» Stored data:
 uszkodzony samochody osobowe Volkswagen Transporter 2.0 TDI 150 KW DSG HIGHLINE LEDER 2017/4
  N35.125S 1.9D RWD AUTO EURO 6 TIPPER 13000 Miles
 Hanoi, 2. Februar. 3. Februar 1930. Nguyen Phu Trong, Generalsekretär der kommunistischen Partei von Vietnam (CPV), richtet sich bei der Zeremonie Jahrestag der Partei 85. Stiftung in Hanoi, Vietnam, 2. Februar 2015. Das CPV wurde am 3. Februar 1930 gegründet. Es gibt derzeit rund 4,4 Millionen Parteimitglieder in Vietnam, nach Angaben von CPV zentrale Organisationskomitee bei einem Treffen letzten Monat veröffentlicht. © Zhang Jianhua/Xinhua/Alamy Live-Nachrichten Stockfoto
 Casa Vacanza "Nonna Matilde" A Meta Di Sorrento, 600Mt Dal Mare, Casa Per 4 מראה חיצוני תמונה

...

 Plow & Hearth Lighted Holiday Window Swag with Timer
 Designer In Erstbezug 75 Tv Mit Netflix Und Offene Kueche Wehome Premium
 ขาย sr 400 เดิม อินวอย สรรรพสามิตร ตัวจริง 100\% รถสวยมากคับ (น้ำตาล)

---

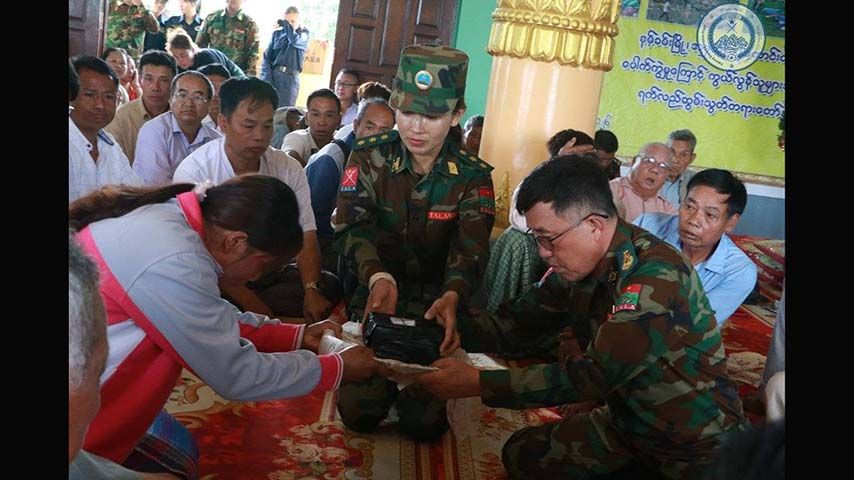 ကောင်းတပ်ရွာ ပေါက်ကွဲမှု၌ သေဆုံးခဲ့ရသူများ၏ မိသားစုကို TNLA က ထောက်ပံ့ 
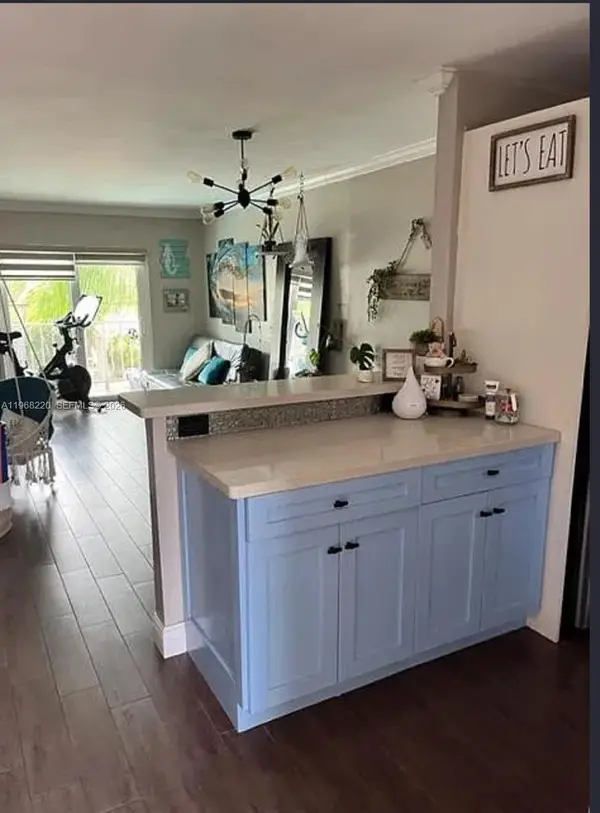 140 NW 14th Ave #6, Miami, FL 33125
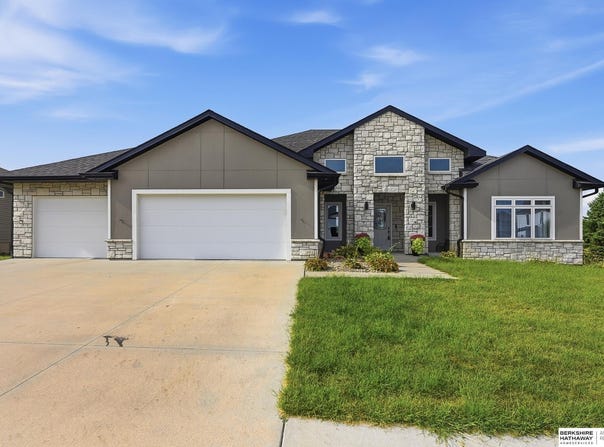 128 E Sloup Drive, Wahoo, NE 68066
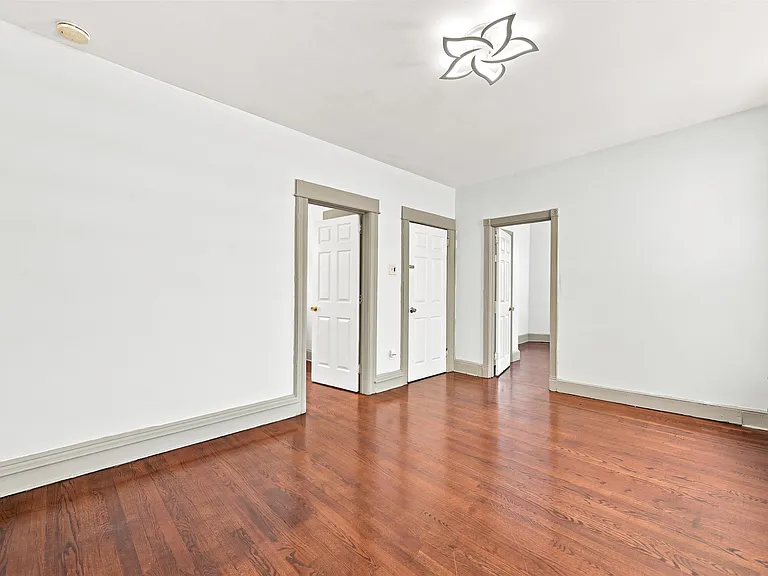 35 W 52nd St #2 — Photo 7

» Task brief: Beginning with the line containing "uszkodzony samochody osobowe" in the material above, copy every line exactly until you have copied the line containing "מראה חיצוני תמונה".

» Solution to this exercise:
 uszkodzony samochody osobowe Volkswagen Transporter 2.0 TDI 150 KW DSG HIGHLINE LEDER 2017/4
  N35.125S 1.9D RWD AUTO EURO 6 TIPPER 13000 Miles
 Hanoi, 2. Februar. 3. Februar 1930. Nguyen Phu Trong, Generalsekretär der kommunistischen Partei von Vietnam (CPV), richtet sich bei der Zeremonie Jahrestag der Partei 85. Stiftung in Hanoi, Vietnam, 2. Februar 2015. Das CPV wurde am 3. Februar 1930 gegründet. Es gibt derzeit rund 4,4 Millionen Parteimitglieder in Vietnam, nach Angaben von CPV zentrale Organisationskomitee bei einem Treffen letzten Monat veröffentlicht. © Zhang Jianhua/Xinhua/Alamy Live-Nachrichten Stockfoto
 Casa Vacanza "Nonna Matilde" A Meta Di Sorrento, 600Mt Dal Mare, Casa Per 4 מראה חיצוני תמונה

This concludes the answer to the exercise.